### ACTIVITY
Leaving the pictures aside, transcribe every line below exactly.

Collected data entries:

((

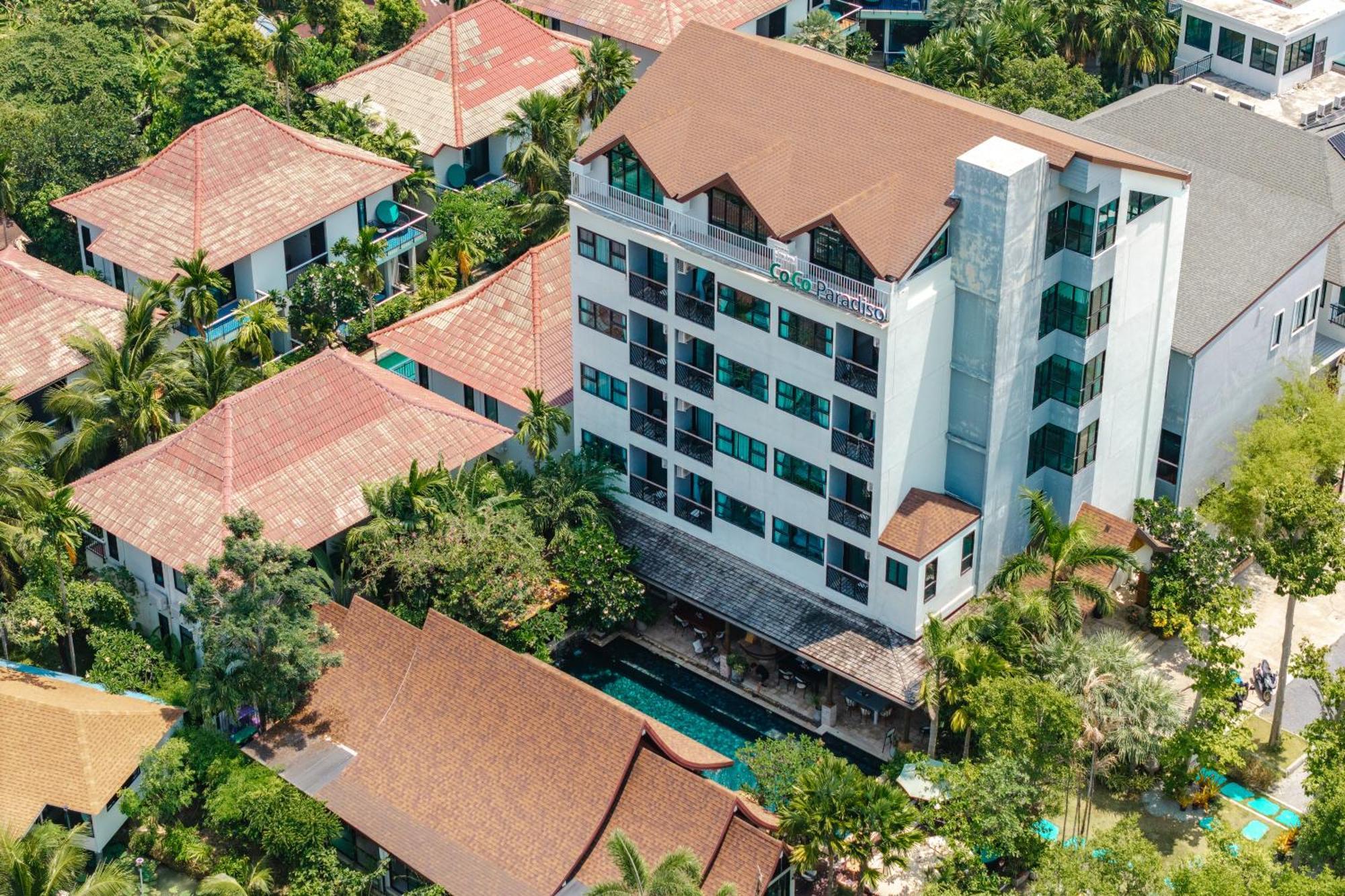 Coco Paradiso Phuket Sha Eksteriør billede
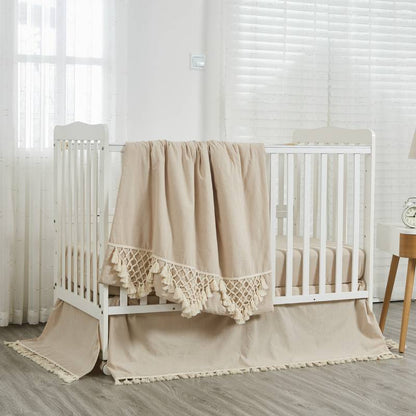 This baby uses Brandream bedding.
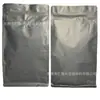 Sello de Ocho Lados Válvula de Aire para Granos de Café Bolsa de Papel de Aluminio Bolsa para Alimentos Plástico Compuesto Bolsa de Papel de Aluminio Autoportante Bolsa Auto-Sellante con Cierre para Alimentos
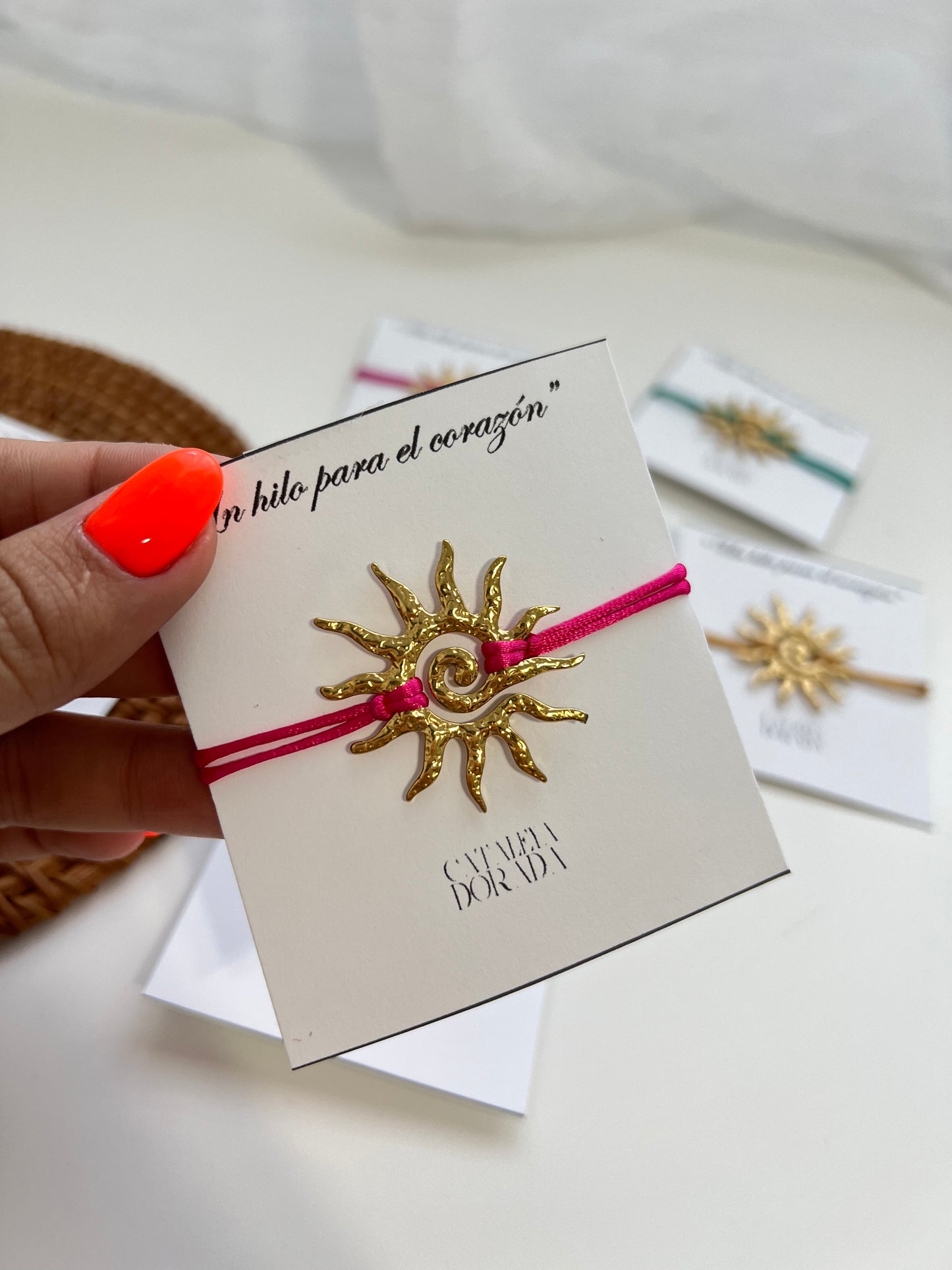 Solara bracelet (one of a kind)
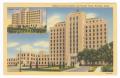 Postcard: [Jefferson Davis Hospital and Nurses' Home]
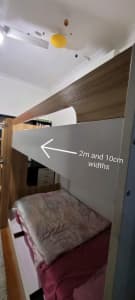 Bunk bed for adults 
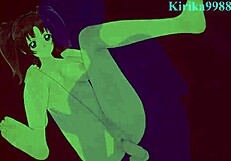 Cagalli Yula Athha and Meyrin Hawke Intense Sex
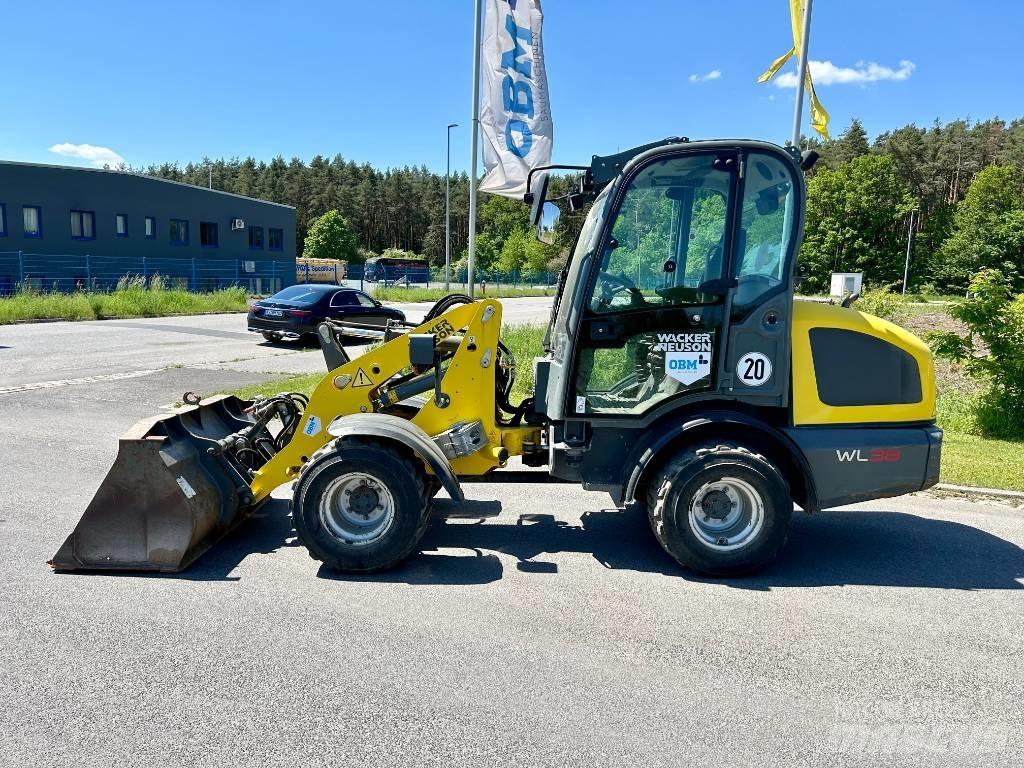 Wacker Neuson WL 38 Cargadoras sobre ruedas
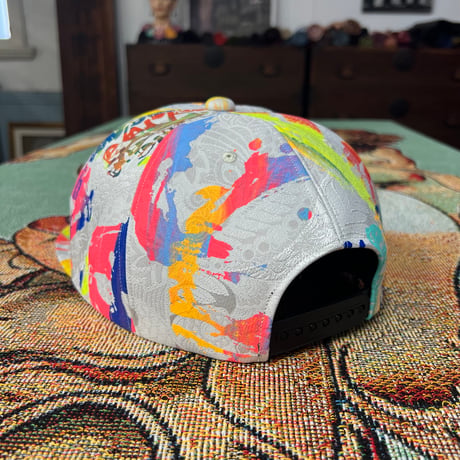 【3Lsize】SYODO CAP : SEIHO KURIHARA  NEWYORK国際書展2024 優秀賞受賞記念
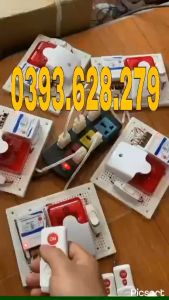 Thiết bị báo cháy liên gia không dây thu phát đến 1000m kiêm chức năng báo chống trộm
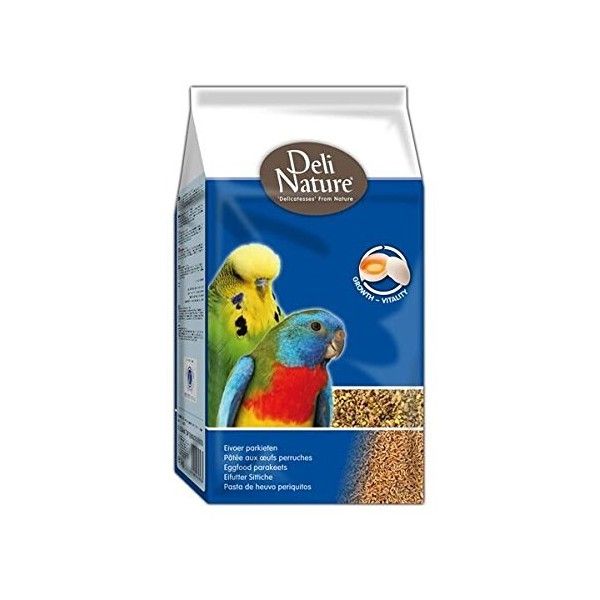 Deli Nature Papa Amarela Periquitos 1Kg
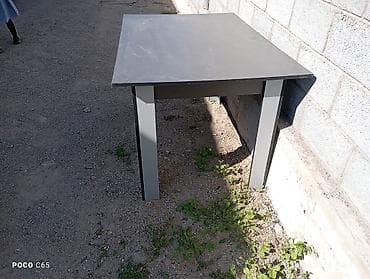 Кухонный стол, Прямоугольный, Нераскладной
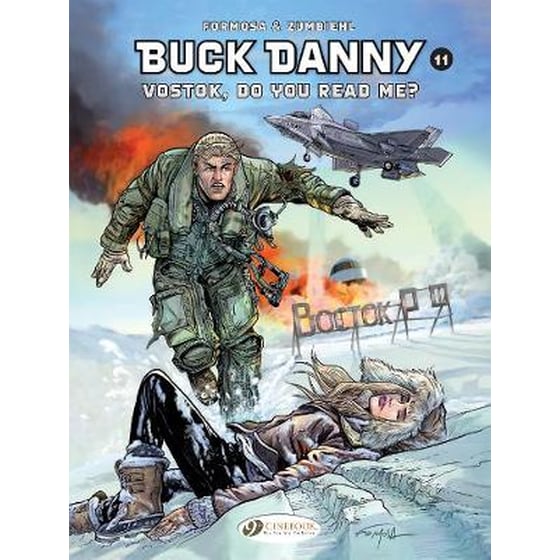 Buck Danny Vol. 11- Do You Read Me? image 0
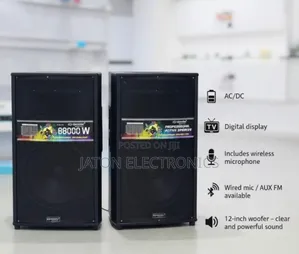 Aborder Proffesional Speakers Ab 712(8800w)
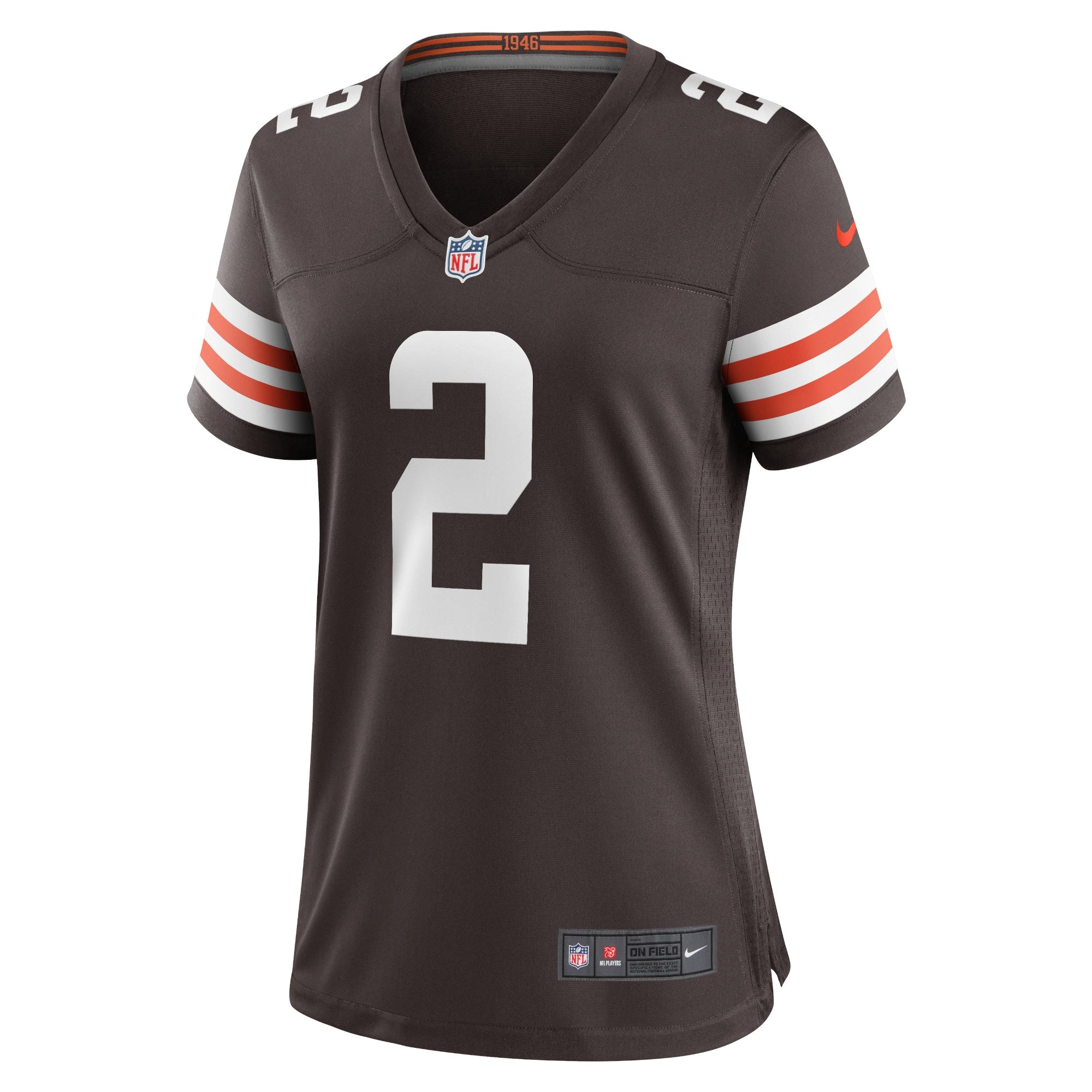 Women's Nike Amari Cooper Brown Cleveland Browns Game Jersey - vstockx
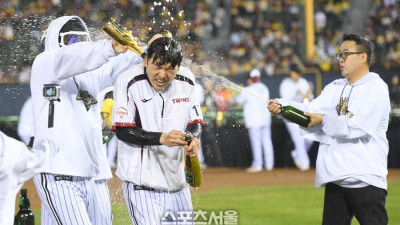 [포토] 박해민 ‘깜짝이야’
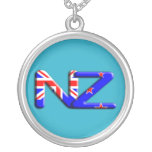 Nyazeeländsk flagga halsband
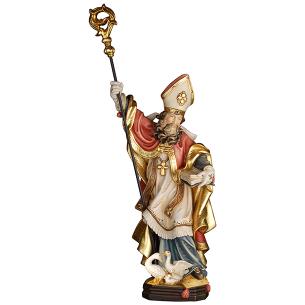 San Ludgero con oche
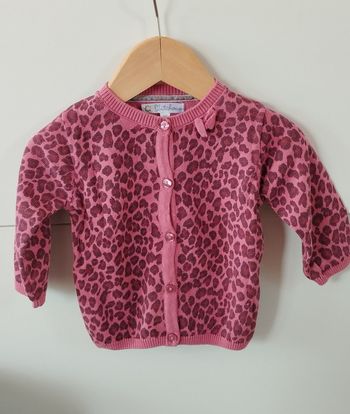 Gilet fille 6 mois kitchoun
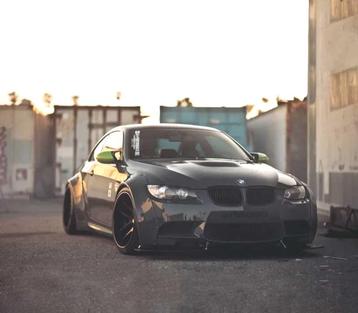 KIT ÉLARGISSEURS D´AILES POUR BMW E92 M3 DRIFT 10 TLG +50MM, Verzenden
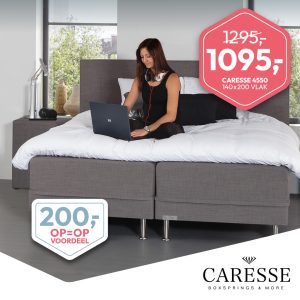 Caresse 4550 Lente voordeel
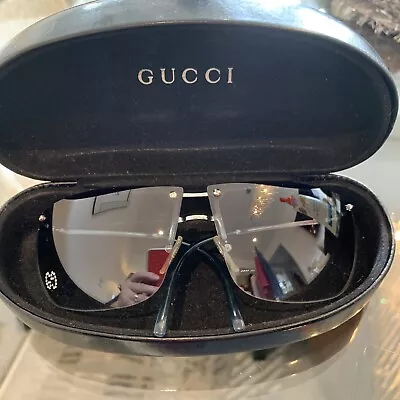 Gucci 2652STRASS Ladies Vintage Sunglasses With Swarovski Crystals • £120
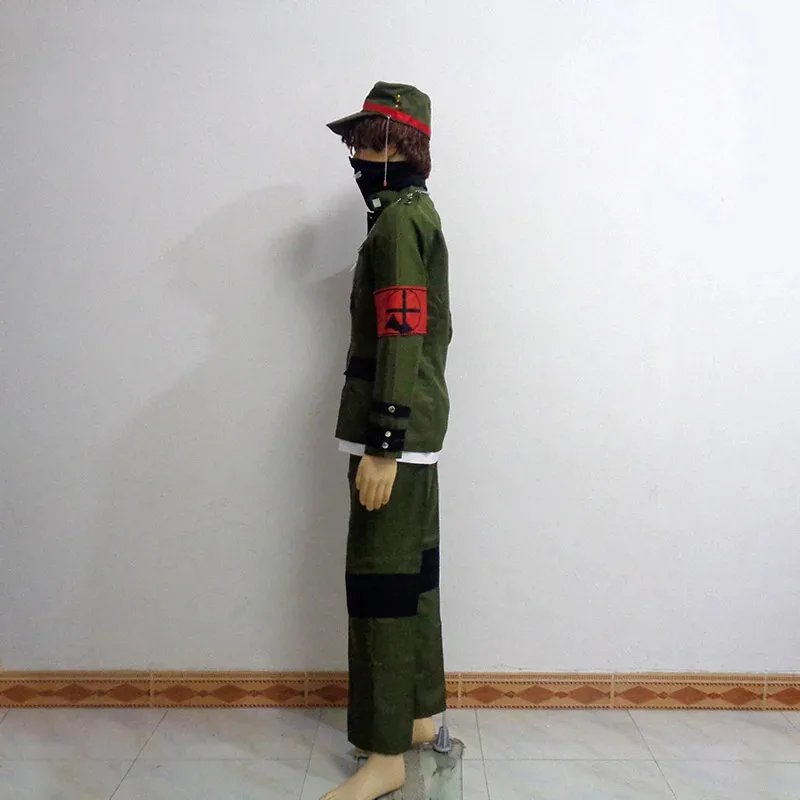 

CyNew Danganronpa V3 Korekiyo Shinguji Military Uniform Cos Christmas Party Halloween Cosplay Costume Customize Any Size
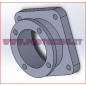 Brida de adaptación para el cuerpo del acelerador aumentada en aluminio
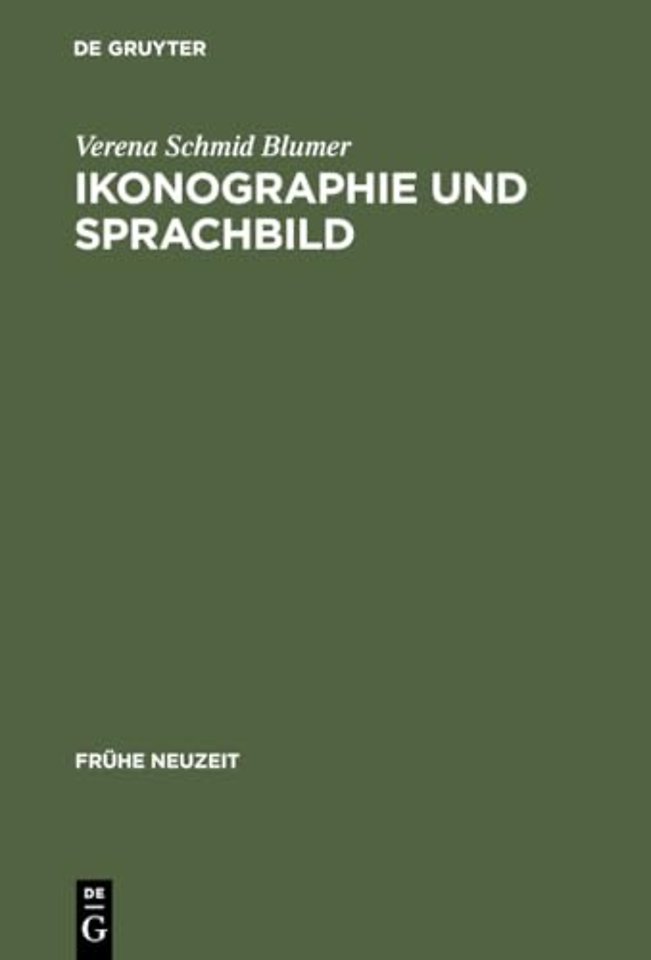 Ikonographie und Sprachbild – Zur reformatorischen Flugschrift »Der gestryfft Schwitzer Baur«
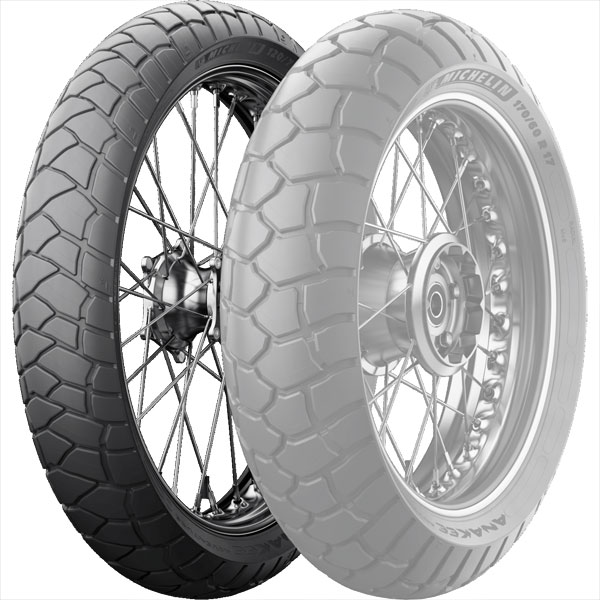 ミシュラン MICHELIN ANAKEE ADVENTURE 90/90-21 M/C 54H TL/TT フロント 621812 JP店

))

### WORKED SOLUTION
 Coco Paradiso Phuket Sha Eksteriør billede
 This baby uses Brandream bedding.
 Sello de Ocho Lados Válvula de Aire para Granos de Café Bolsa de Papel de Aluminio Bolsa para Alimentos Plástico Compuesto Bolsa de Papel de Aluminio Autoportante Bolsa Auto-Sellante con Cierre para Alimentos
 Solara bracelet (one of a kind)
 Postcard: [Jefferson Davis Hospital and Nurses' Home]
 Bunk bed for adults 
 Cagalli Yula Athha and Meyrin Hawke Intense Sex
 Wacker Neuson WL 38 Cargadoras sobre ruedas
 【3Lsize】SYODO CAP : SEIHO KURIHARA  NEWYORK国際書展2024 優秀賞受賞記念
 Thiết bị báo cháy liên gia không dây thu phát đến 1000m kiêm chức năng báo chống trộm
 Deli Nature Papa Amarela Periquitos 1Kg
 Кухонный стол, Прямоугольный, Нераскладной
 Buck Danny Vol. 11- Do You Read Me? image 0
 Aborder Proffesional Speakers Ab 712(8800w)
 Women's Nike Amari Cooper Brown Cleveland Browns Game Jersey - vstockx
 [포토] 박해민 ‘깜짝이야’
 Nyazeeländsk flagga halsband
 San Ludgero con oche
 Gilet fille 6 mois kitchoun
 KIT ÉLARGISSEURS D´AILES POUR BMW E92 M3 DRIFT 10 TLG +50MM, Verzenden
 Caresse 4550 Lente voordeel
 Gucci 2652STRASS Ladies Vintage Sunglasses With Swarovski Crystals • £120

CyNew Danganronpa V3 Korekiyo Shinguji Military Uniform Cos Christmas Party Halloween Cosplay Costume Customize Any Size
 Brida de adaptación para el cuerpo del acelerador aumentada en aluminio
 Ikonographie und Sprachbild – Zur reformatorischen Flugschrift »Der gestryfft Schwitzer Baur«
 ミシュラン MICHELIN ANAKEE ADVENTURE 90/90-21 M/C 54H TL/TT フロント 621812 JP店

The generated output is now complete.